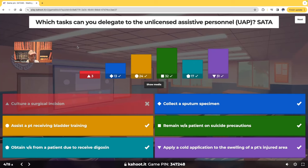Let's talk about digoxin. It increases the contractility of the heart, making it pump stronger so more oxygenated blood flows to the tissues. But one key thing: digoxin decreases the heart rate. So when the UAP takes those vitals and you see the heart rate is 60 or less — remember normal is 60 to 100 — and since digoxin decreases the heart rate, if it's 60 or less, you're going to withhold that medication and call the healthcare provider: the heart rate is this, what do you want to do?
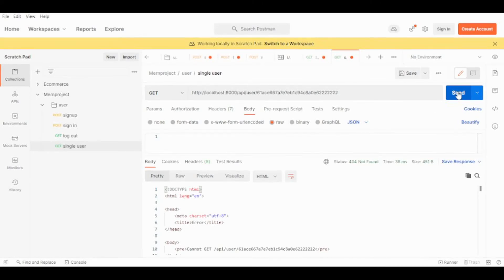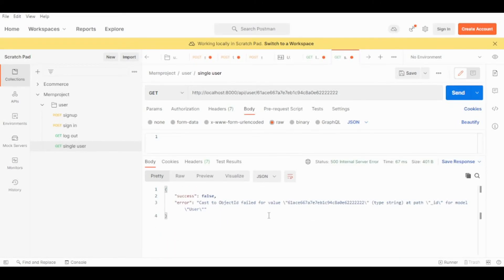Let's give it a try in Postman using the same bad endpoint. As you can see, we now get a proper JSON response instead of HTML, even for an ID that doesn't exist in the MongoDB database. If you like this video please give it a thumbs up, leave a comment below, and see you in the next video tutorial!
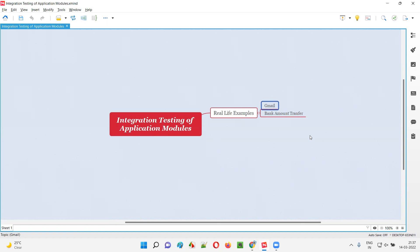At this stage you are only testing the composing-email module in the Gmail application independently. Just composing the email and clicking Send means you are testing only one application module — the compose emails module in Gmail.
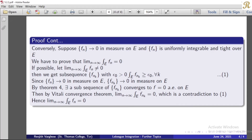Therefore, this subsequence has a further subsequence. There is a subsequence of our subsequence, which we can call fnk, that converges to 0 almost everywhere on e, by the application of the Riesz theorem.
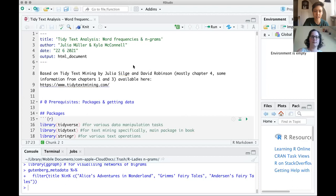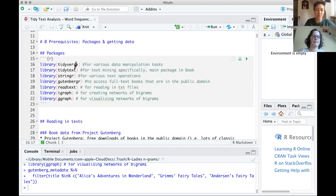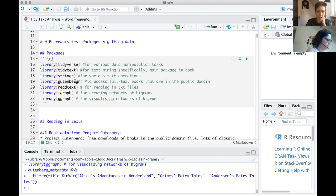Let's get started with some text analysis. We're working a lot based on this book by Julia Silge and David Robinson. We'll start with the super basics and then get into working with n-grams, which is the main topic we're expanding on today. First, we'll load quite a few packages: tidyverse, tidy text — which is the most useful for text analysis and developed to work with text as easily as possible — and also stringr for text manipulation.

========================================================================

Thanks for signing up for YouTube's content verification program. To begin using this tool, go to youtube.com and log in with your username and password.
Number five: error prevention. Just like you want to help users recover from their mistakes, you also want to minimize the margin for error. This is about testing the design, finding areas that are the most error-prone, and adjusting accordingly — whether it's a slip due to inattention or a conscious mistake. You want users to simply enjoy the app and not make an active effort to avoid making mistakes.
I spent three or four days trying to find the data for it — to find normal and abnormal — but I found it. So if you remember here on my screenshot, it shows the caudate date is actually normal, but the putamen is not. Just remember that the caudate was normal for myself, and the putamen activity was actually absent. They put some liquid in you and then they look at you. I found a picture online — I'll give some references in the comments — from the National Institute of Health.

========================================================================

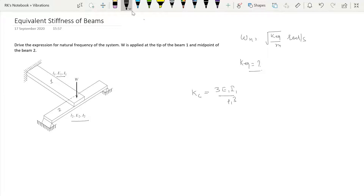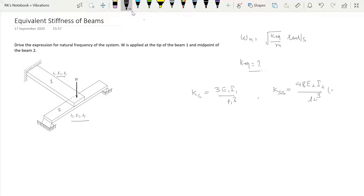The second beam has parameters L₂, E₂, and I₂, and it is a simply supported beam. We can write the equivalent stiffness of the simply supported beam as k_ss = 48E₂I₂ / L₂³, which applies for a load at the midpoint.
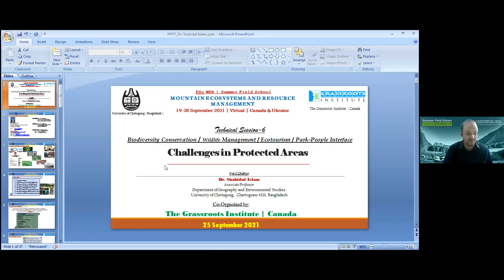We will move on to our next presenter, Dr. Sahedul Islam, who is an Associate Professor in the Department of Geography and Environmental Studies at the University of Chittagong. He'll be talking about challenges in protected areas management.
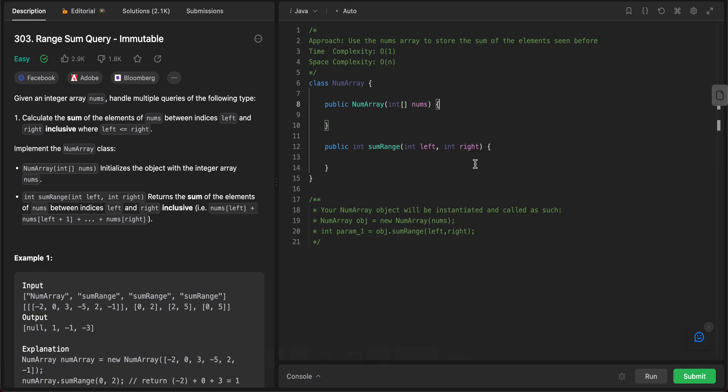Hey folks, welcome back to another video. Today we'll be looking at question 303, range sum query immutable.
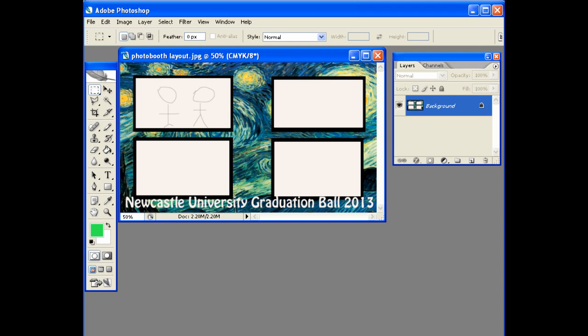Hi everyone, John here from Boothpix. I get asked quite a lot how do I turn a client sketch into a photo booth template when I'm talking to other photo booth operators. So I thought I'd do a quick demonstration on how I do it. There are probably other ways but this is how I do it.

========================================================================

**WHAT NEEDS TO BE DONE**
An exact copy of the lines above from the one with "Let's talk about" up to and including the one with "Therefore, this subsequence" is required; reproduce only those lines, omitting all pictures.

**EXPECTED ANSWER**
Let's talk about digoxin. It increases the contractility of the heart, making it pump stronger so more oxygenated blood flows to the tissues. But one key thing: digoxin decreases the heart rate. So when the UAP takes those vitals and you see the heart rate is 60 or less — remember normal is 60 to 100 — and since digoxin decreases the heart rate, if it's 60 or less, you're going to withhold that medication and call the healthcare provider: the heart rate is this, what do you want to do?
Let's give it a try in Postman using the same bad endpoint. As you can see, we now get a proper JSON response instead of HTML, even for an ID that doesn't exist in the MongoDB database. If you like this video please give it a thumbs up, leave a comment below, and see you in the next video tutorial!
At this stage you are only testing the composing-email module in the Gmail application independently. Just composing the email and clicking Send means you are testing only one application module — the compose emails module in Gmail.
Therefore, this subsequence has a further subsequence. There is a subsequence of our subsequence, which we can call fnk, that converges to 0 almost everywhere on e, by the application of the Riesz theorem.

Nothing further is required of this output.